_Given material:_
[Start of Attachment]

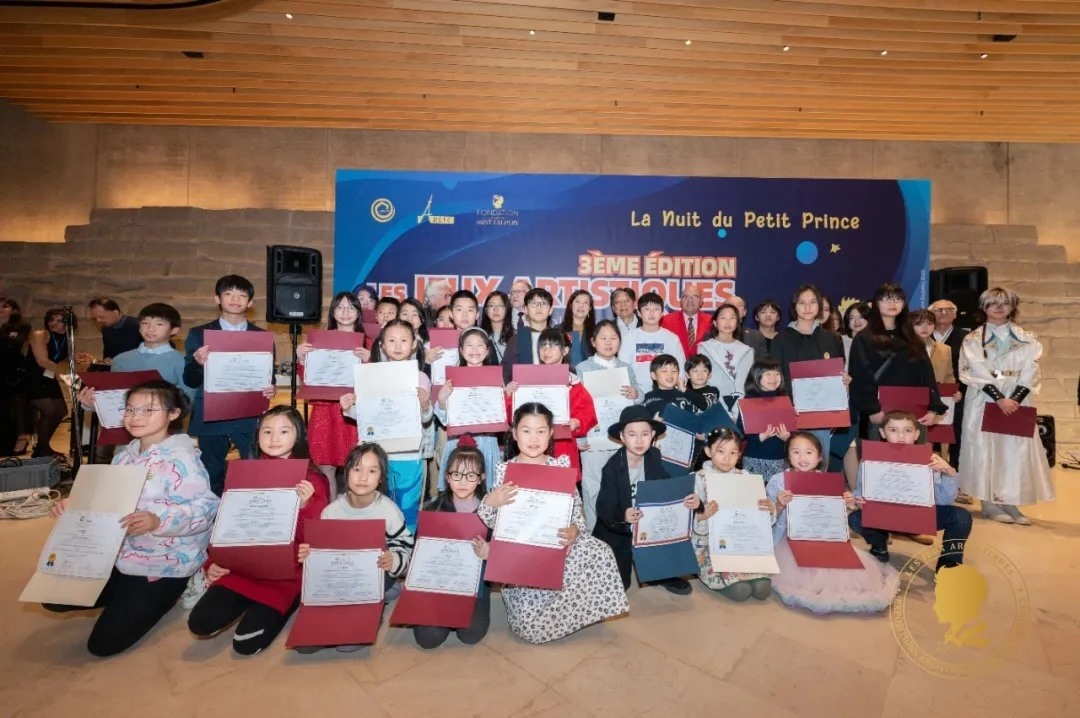 第三屆國際藝術(shù)聯(lián)創(chuàng)聯(lián)展盛大開幕。法中交流促進(jìn)會(huì)供圖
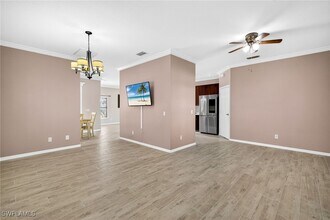 8250 Silver Birch Way in Lehigh Acres, FL - Foto de edificio - Building Photo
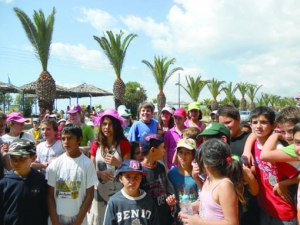 Μαθητές καθάρισαν το αλσύλλιο στη Μπούκα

[End of Attachment]

_Directions:_
Only the lines from the one containing "8250 Silver Birch" through the last line of the data may appear in the answer, each given again exactly and with pictures left out.

_Result:_
 8250 Silver Birch Way in Lehigh Acres, FL - Foto de edificio - Building Photo
 Μαθητές καθάρισαν το αλσύλλιο στη Μπούκα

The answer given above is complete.